SUBJECT: Ph.D. Dissertation Defense
   
BY: Michael Beckert
   
TIME: Friday, April 24, 2015, 3:00 p.m.
   
PLACE: MRDC Building, 4211
   
TITLE: Remora Adhesion Mechanics
   
COMMITTEE: Dr. Naresh Thadhani, Chair (ME)
Dr. Jason Nadler (MSE)
Dr. David Hu (ME)
Dr. Alexander Alexeev (ME)
Dr. Brooke Flammang (BIO)
 

SUMMARY

Remora fishes are capable of rapid, reversible, and robust attachment to a wide variety of marine hosts both natural and artificial with widely varying geometric and material properties. Despite its unique abilities, the mechanisms responsible for remora attachment have received little attention in scientific literature in comparison to the number of works commenting on it.
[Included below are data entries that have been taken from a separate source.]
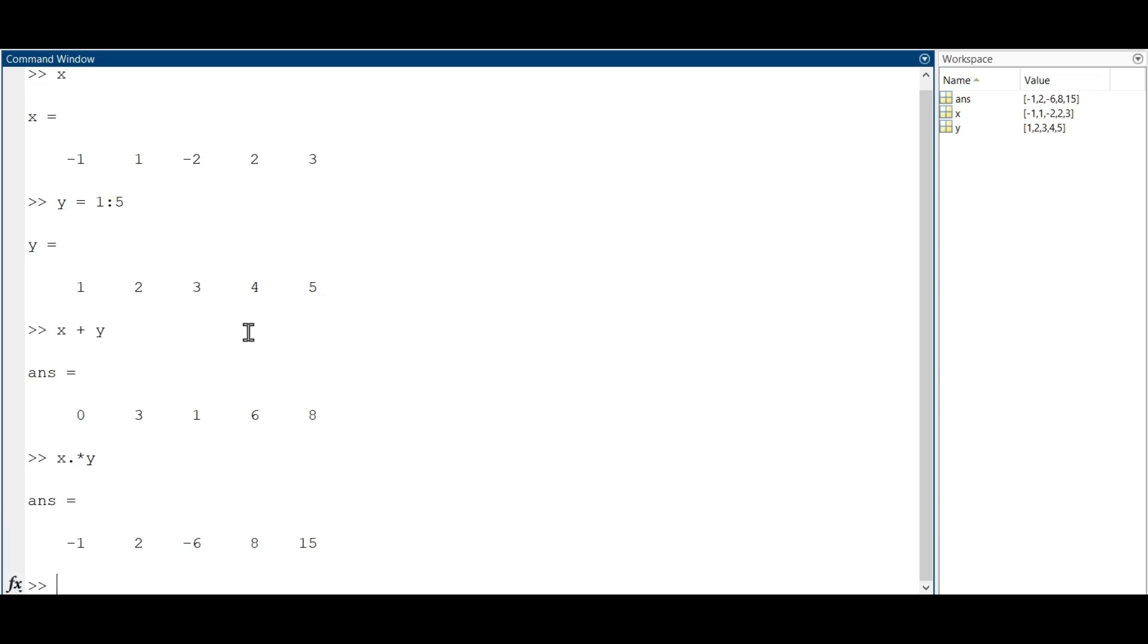And the result is a vector whose components are the result of the multiplication between the components of x and y.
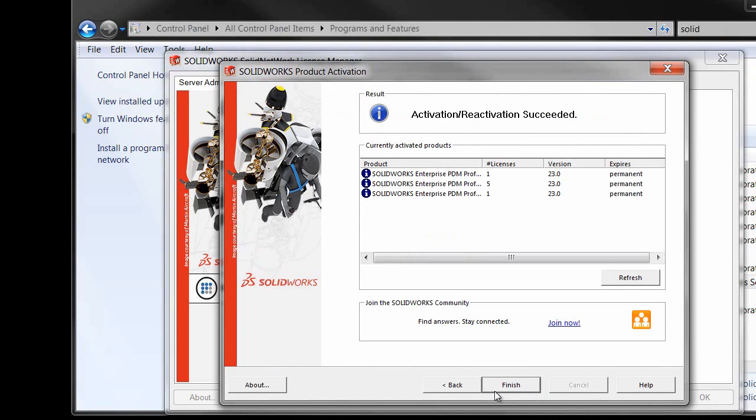Now in the activation window we'll see all the licenses. If you have simulation licenses, SOLIDWORKS licenses, and EPDM licenses on this SNL, they'll all be listed here.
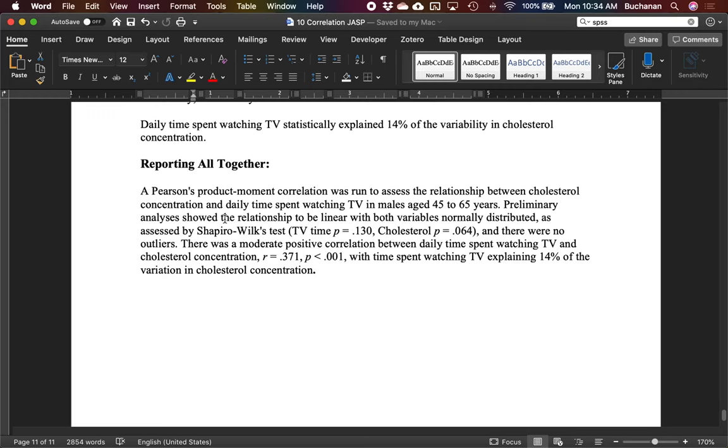So let's report this all together. And we're going to go with the same kind of procedures we did before. First, talk about the study. Product moment correlation was run to assess the relationship between cholesterol and time spent watching TV. Tell us a little bit about the assumptions. Analyses appear to be linear, they appear to be normal, and there's no outliers. Tell us about the test. Moderate positive correlation between the two, where there's about 14% of the variation explained. So that general rule will help you write result sections. Tell us about the study, tell us about the assumptions, tell us about the test and what it means. So all that together is correlation coefficients, which will help you then move on to regression, which is in the next video.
The objective of this work is to identify and quantify the behavior and limitations of the critical mechanisms responsible for remora attachment. Traditional dissection techniques were combined with high-resolution three-dimensional scans to characterize and identify critical structural metrics pertaining to remora morphology. The structural metrics were incorporated into simulations to predict remora behavior during attachment. Finally, experimental methods were performed on artificial tissues to validate model predictions when necessary. The work is of value to both the engineering and biological communities through the creation of design tools, analyses, data sets, and simulations that provide both quantitative design data for bioinspired devices and/or methodologies, but also insight into the behavior of the remora itself.